The Roar
The Roar

Advertisement

Canterbury Bulldogs 2015 season review

Moses Mbye of the Bulldogs. (AAP Image/Dean Lewins)
Roar Guru
5th October, 2015
12
1695 Reads

Following their second grand final appearance in three years, which resulted in yet another crushing defeat, the Canterbury Bulldogs squad was given a sizeable shake-up and an energising injection of youth.

The Bulldogs were widely considered to haev overachieved in 2014, but the reshuffle of personnel only heightened expectations of the blue and white faithful as they strived to go one better in 2015.

While the loss of the beloved and experienced Michael Ennis to the Sharks initially cast a shadow over the club’s fortunes, the arrival of Brett Morris, Michael Lichaa and Curtis Rona quickly filled the gaping hole.

Brett Morris joined brother Josh at the Bulldogs in 2015, shifting from both the Dragons and the wing to take up an important role at fullback, providing the blinding speed they lacked in previous years.

Lichaa, meanwhile, was essentially a straight swap with Ennis, arriving from the Sharks to grab a full-time role at hooker for the first time in his career, with the highly rated youngster filling his predecessor’s shoes nicely.

Rona, a tall and speedy winger, arrived from the Cowboys and had an instant impact, scoring the second most tries in the NRL with 22.

After a bumpy opening, the season’s turning came after the Dogs lost four from five – little surprise considering the players absent. They drew a line in the sand in Round 11 on a cold Canberra night when, without NSW Origin stars Josh Jackson, David Klemmer, Josh Morris, Brett Morris and Trent Hodkinson (some of whom were only absent due to injury or suspension), the Bulldogs exploded out of the blocks to gain an early 24-point lead, before Canberra pulled the game out of the jaws of defeat to lock the scores at 34-all.
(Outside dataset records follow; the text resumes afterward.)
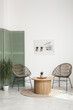 © Pixel-Shot - Interior of living room with pegboard, armchairs and table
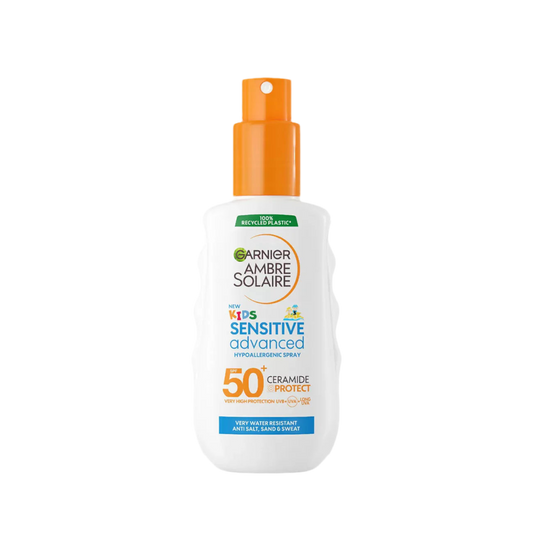 A bottle of Garnier Ambre Solaire Kids SPF 50+ Sun Spray with a white and orange design, indicating sensitive skin protection.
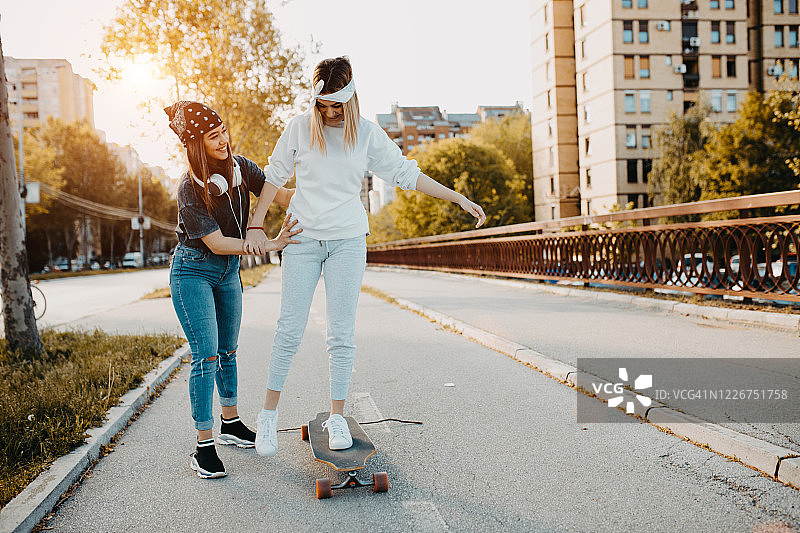 在城市里听音乐、玩滑板的年轻都市女孩图片素材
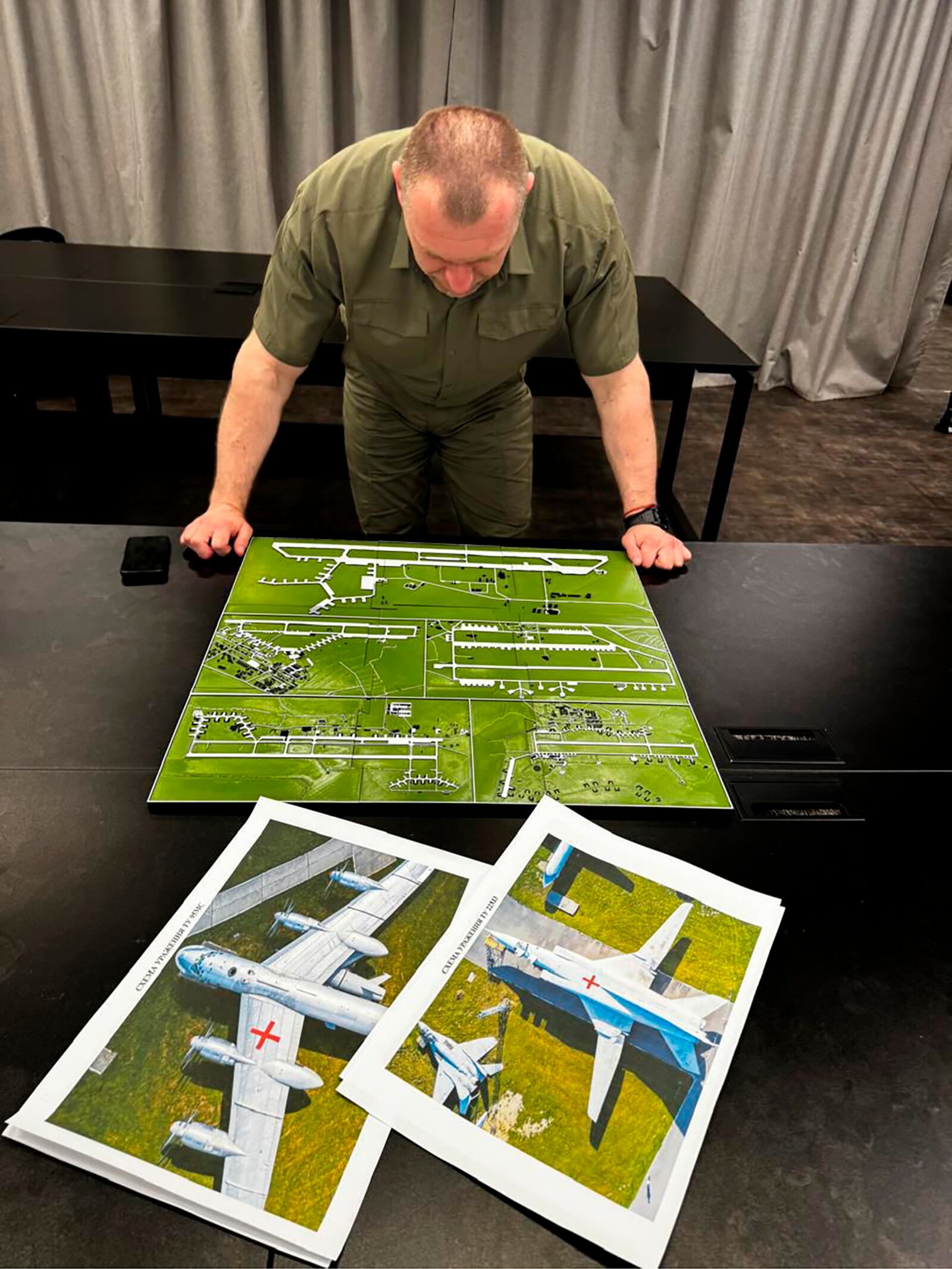 In this undated photo provided by the Ukrainian Security Service, head of the Security Service Vasyl Malyuk studies a photo of a map of Russia's strategic aviation location in his office in Ukraine. (Ukrainian Security Service via AP)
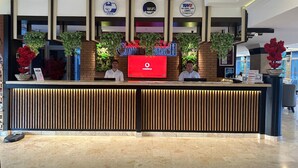 A hotel reception desk with a red logo, multiple certifications, and a modern design. - Sweet Home Kemer Apartments (Kemer)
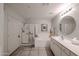 Bright bathroom featuring a soaking tub, walk-in shower, and double sinks at 19700 N 76Th St # 1124, Scottsdale, AZ 85255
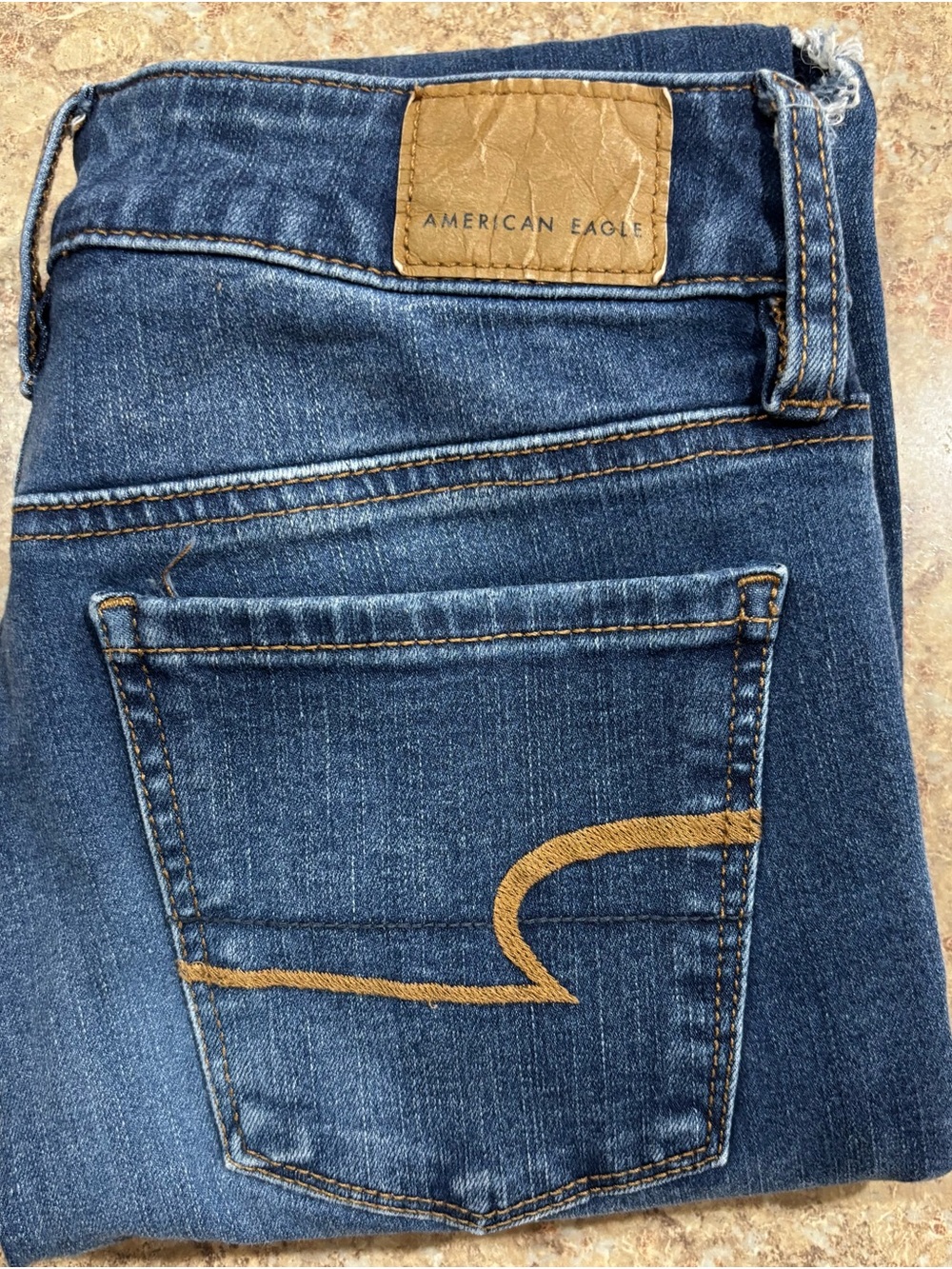 American Eagle Outfitters Women's Dark Blue Skinny Jeans with Brown Patch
A miracle sideline field goal from Josh Reynolds separated the two sides, although a try from the kickoff to Moses Mbye made for a prettier scoreline.

Despite an inconsistent middle portion of the season, they finished in red-hot form with six straight wins, yet only barely escaped with a golden point victory over the Dragons in Week 1 of the finals.

Advertisement

Certainly, it was a less-than-impressive victory and wouldn’t have inspired any confidence within the playing group.
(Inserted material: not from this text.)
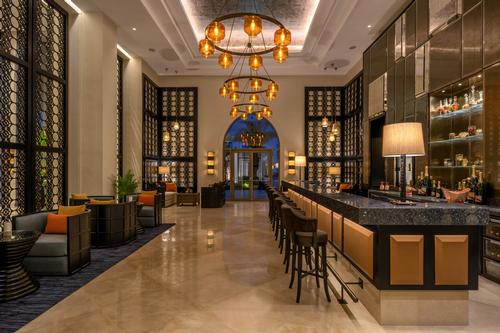 On-site amenities include five culinary experiences, an 18-hole golf course, and an expansive spa and wellness centre. / Courtesy of Hilton Hotels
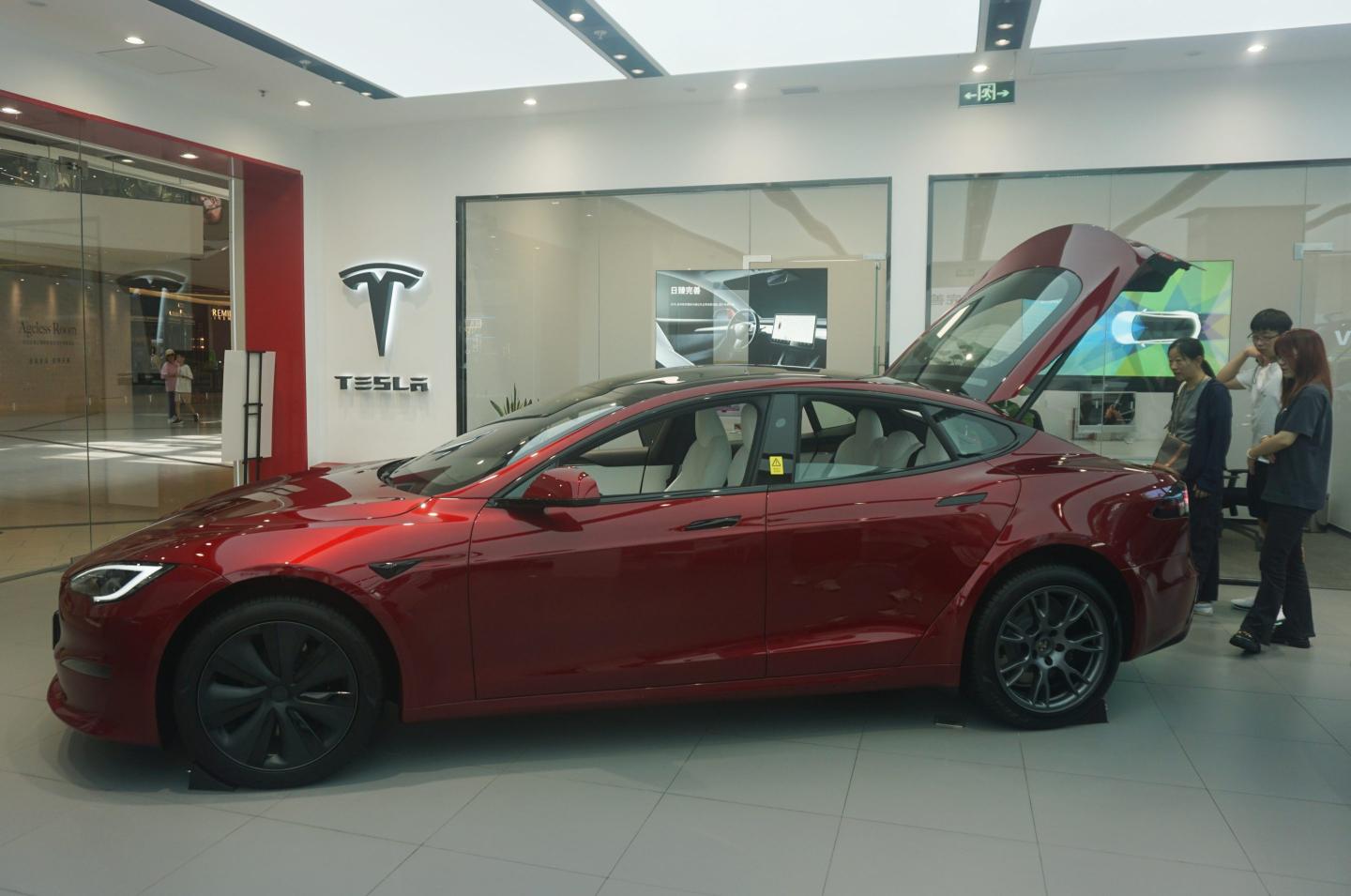 People are looking at a Tesla electric car at a Tesla sales store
Against the Roosters they started hard and fast, but were unable to keep pace throughout the 80 minutes, their season withering away in a 38-12 loss.

The best of
The most inspiring and exciting moment in the Bulldogs’ 2015 season was their Round 16 game agains the Melbourne Storm – at Belmore Sports Ground!

For the first time in 17 years, the Canterbury club played a top-grade game at their spiritual home in front of a jam-packed crowd of over 17,000 (and that’s not including those peering from treetops, balconies and milk crates).

It drew a special effort from the players, particularly Klemmer, who tore the game wide open with a handful of devastating runs, before the crowd began chanting Josh Reynolds’ name in a desperate plea for coach Des Hasler to inject the homegrown product into the game.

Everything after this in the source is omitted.